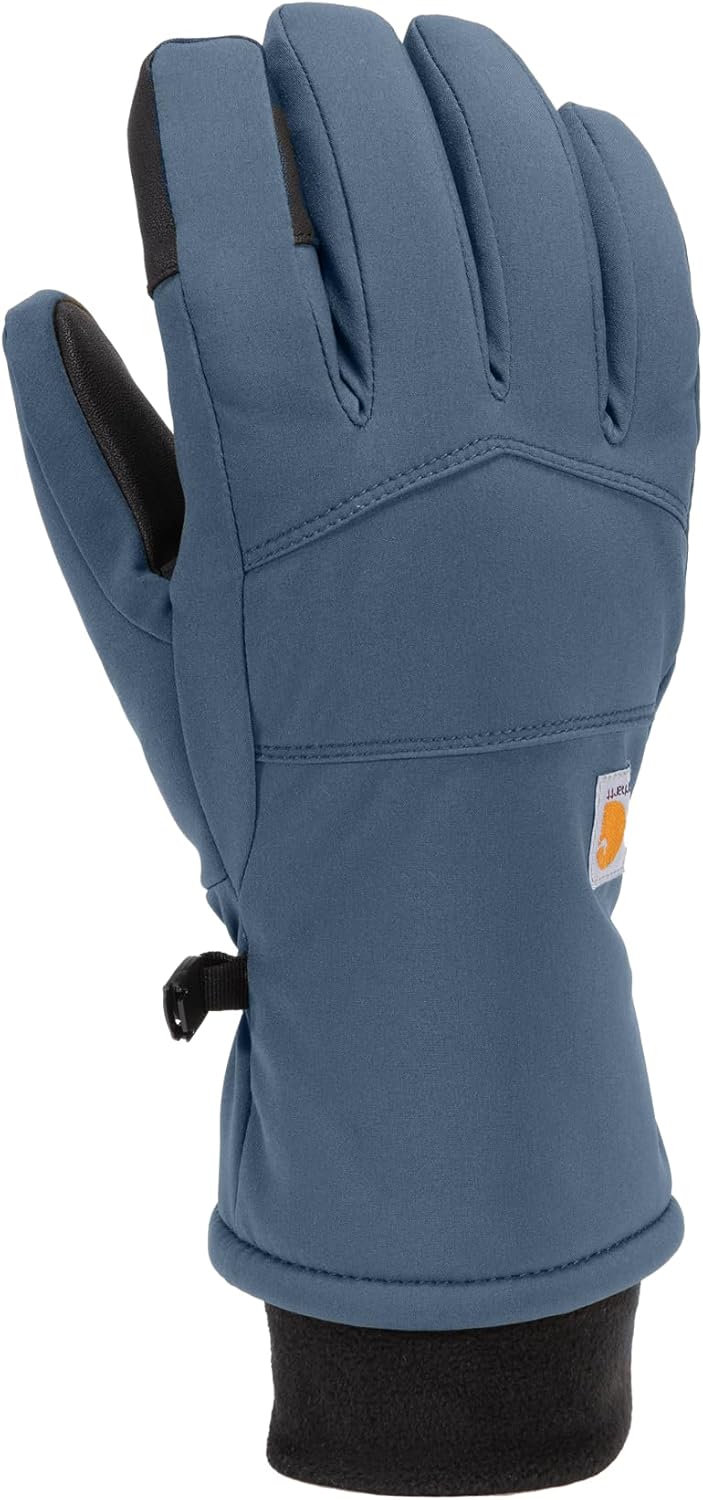 

Carhartt женские утепленные перчатки Storm Defender Softshell, Thundercloud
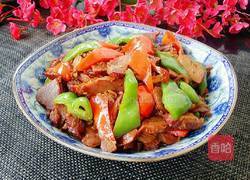 双椒护心肉的做法图解9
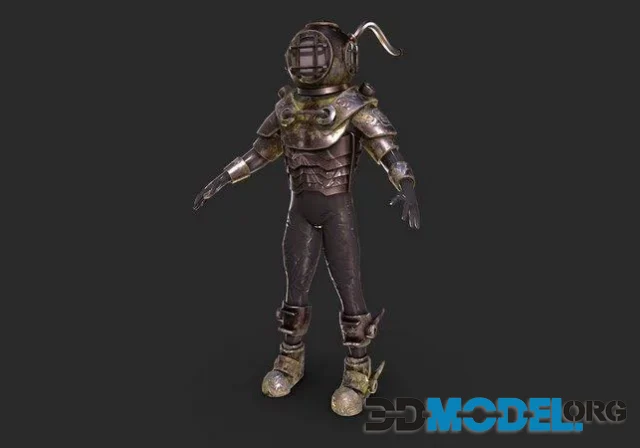 Diver guy PBR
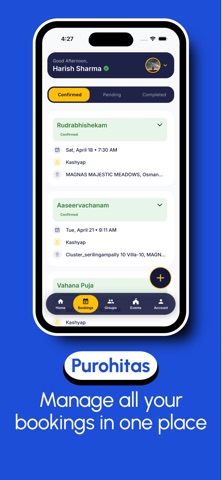 Puja Samhita iPhone screenshot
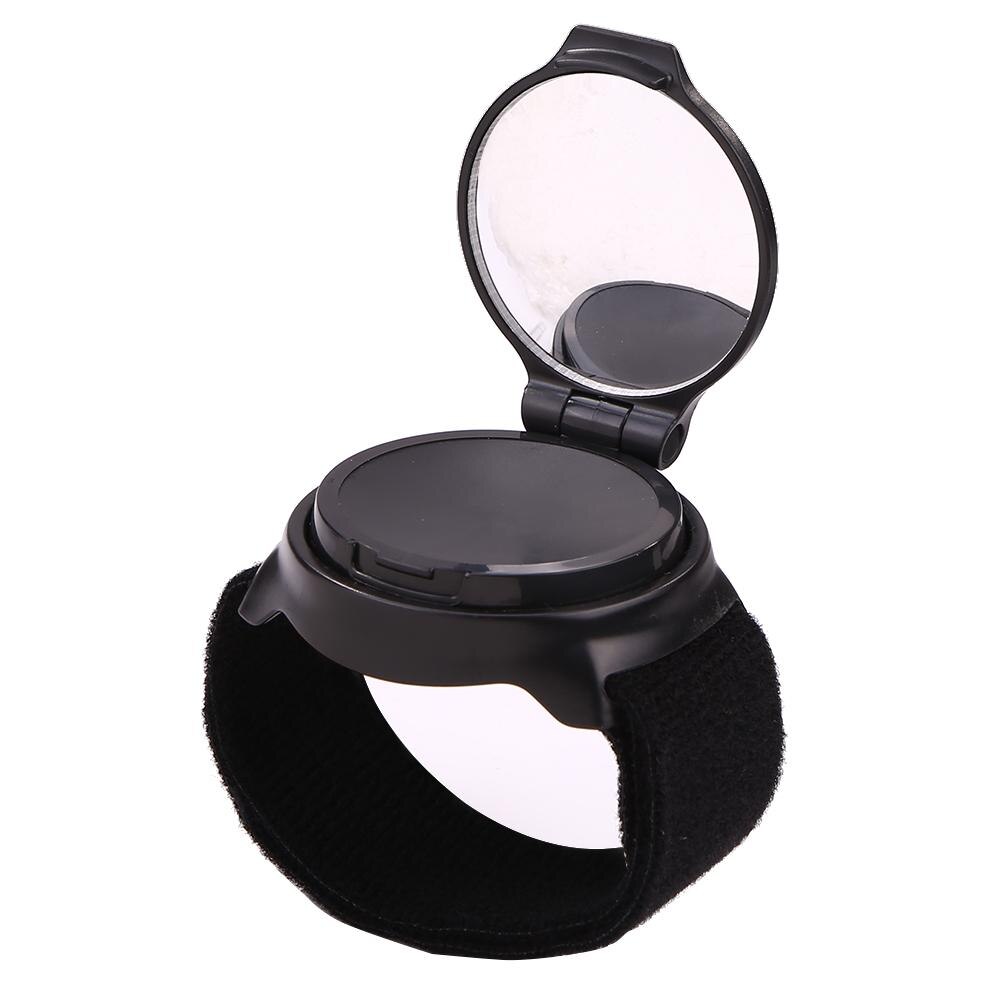 Mountain Bike Wrist Reflector Wrist Strap Rear View Mirror 360 Degree Rotating Mirror Bicycle Wrist Strap Rearview Cycling Tool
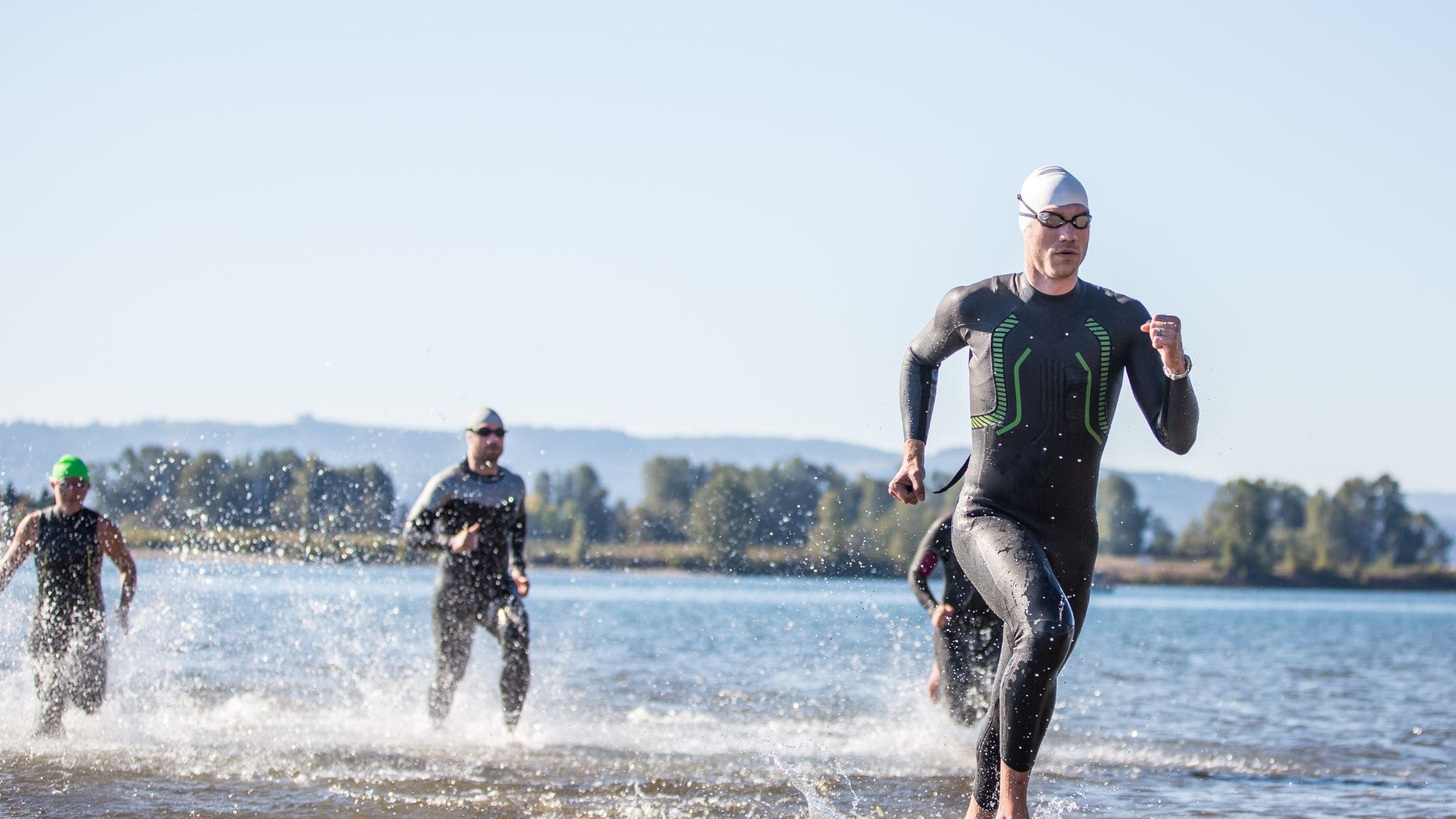 Swimming Exercises to Help You Train for a Triathlon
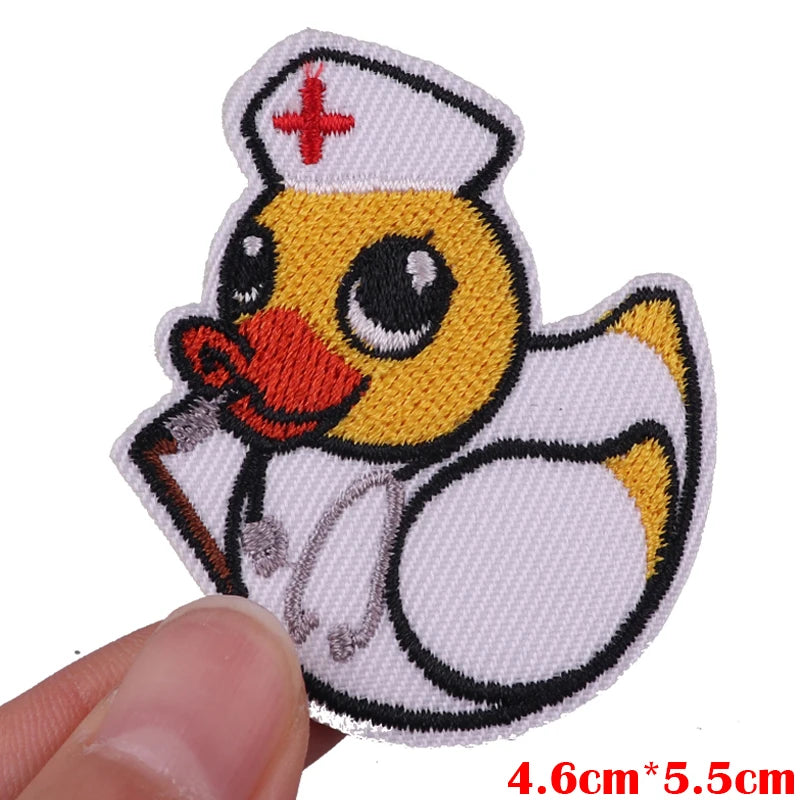 Personality Slogan Embroidered Patches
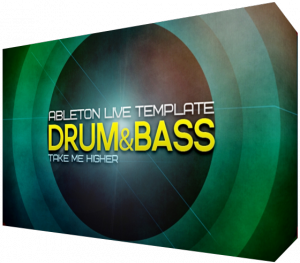 Abletunes Take Me Higher Drum N Bass Ableton Live Template Project-DISCOVER screenshot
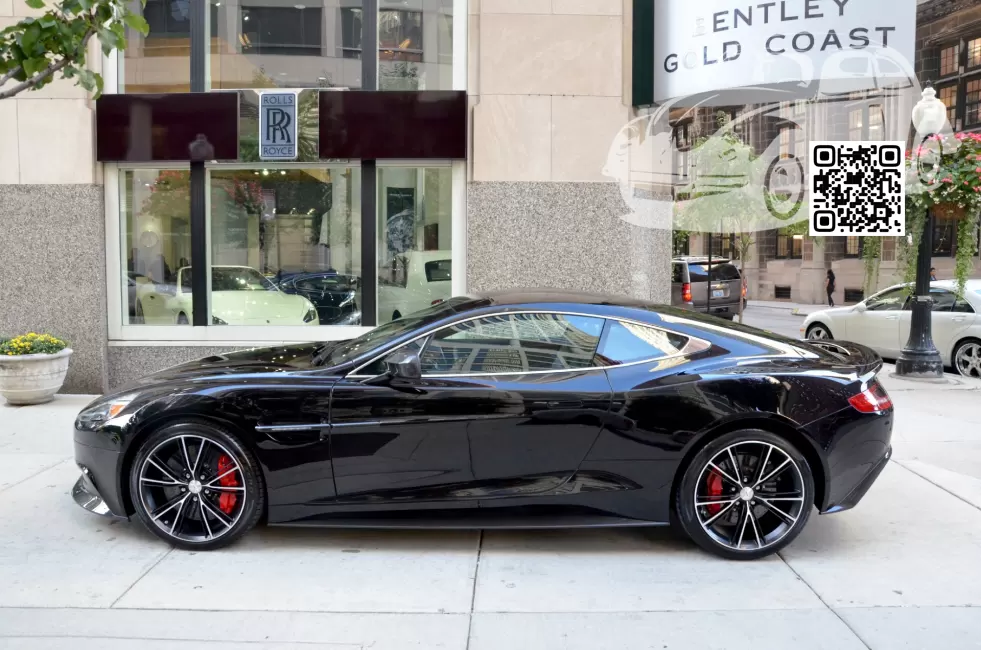 Aston Martin | VANQUISH 2 (AM310) | 1353D, AST1353D, AST5106HD - ONYX BLACK 0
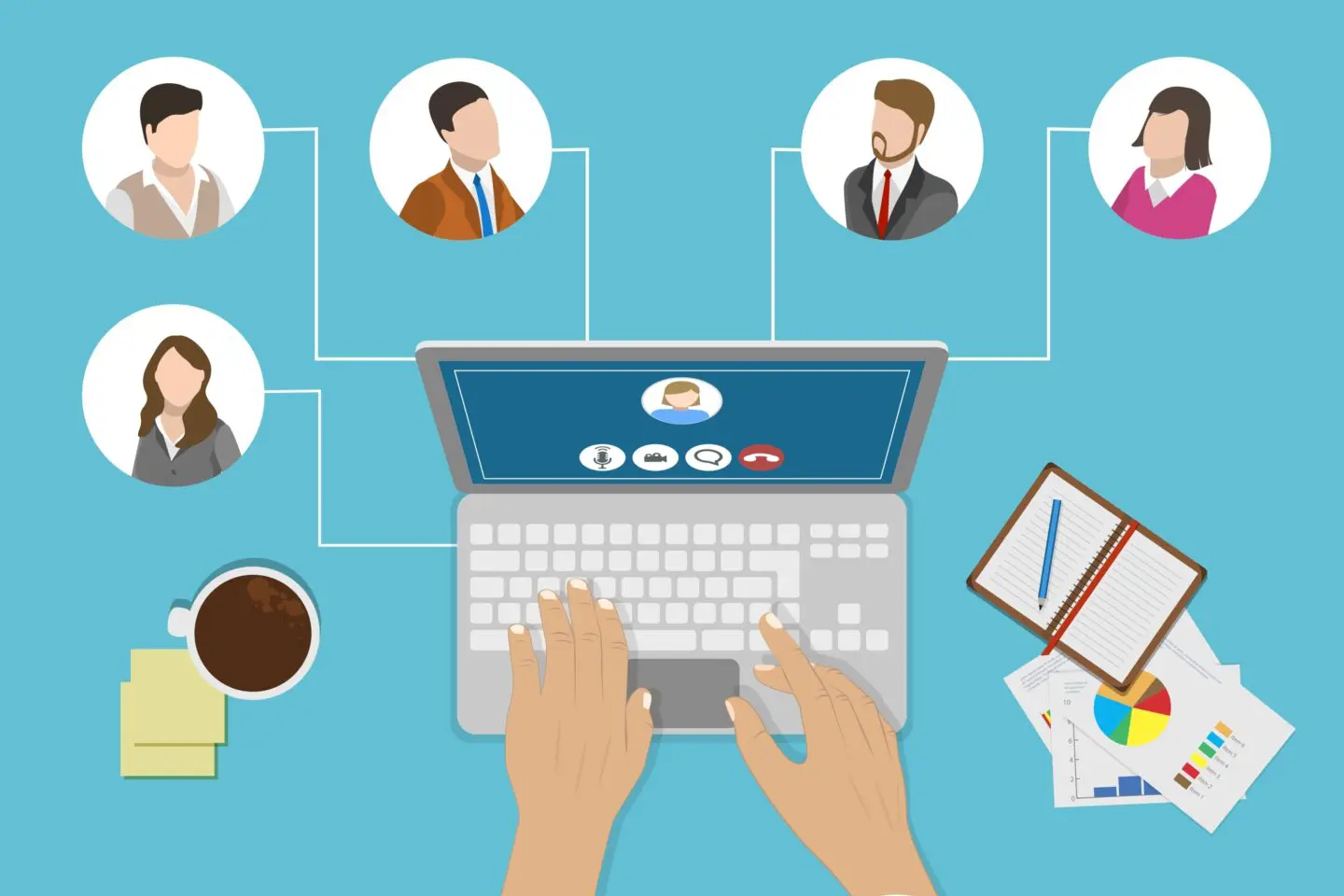 Hybrid Working Technology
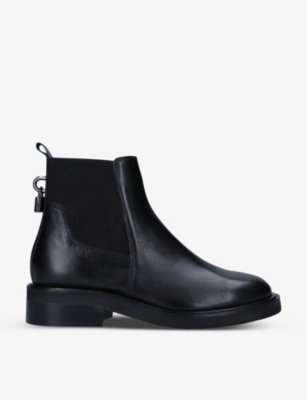 carvela black chelsea boots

____

### Action item
Beginning with the line that contains "Puja Samhita iPhone screenshot", write out the lines of the material above exactly, and end with the line that contains "Personality Slogan Embroidered Patches". Omit the pictures.

### Answer to this task
 Puja Samhita iPhone screenshot
 Mountain Bike Wrist Reflector Wrist Strap Rear View Mirror 360 Degree Rotating Mirror Bicycle Wrist Strap Rearview Cycling Tool
 Swimming Exercises to Help You Train for a Triathlon
 Personality Slogan Embroidered Patches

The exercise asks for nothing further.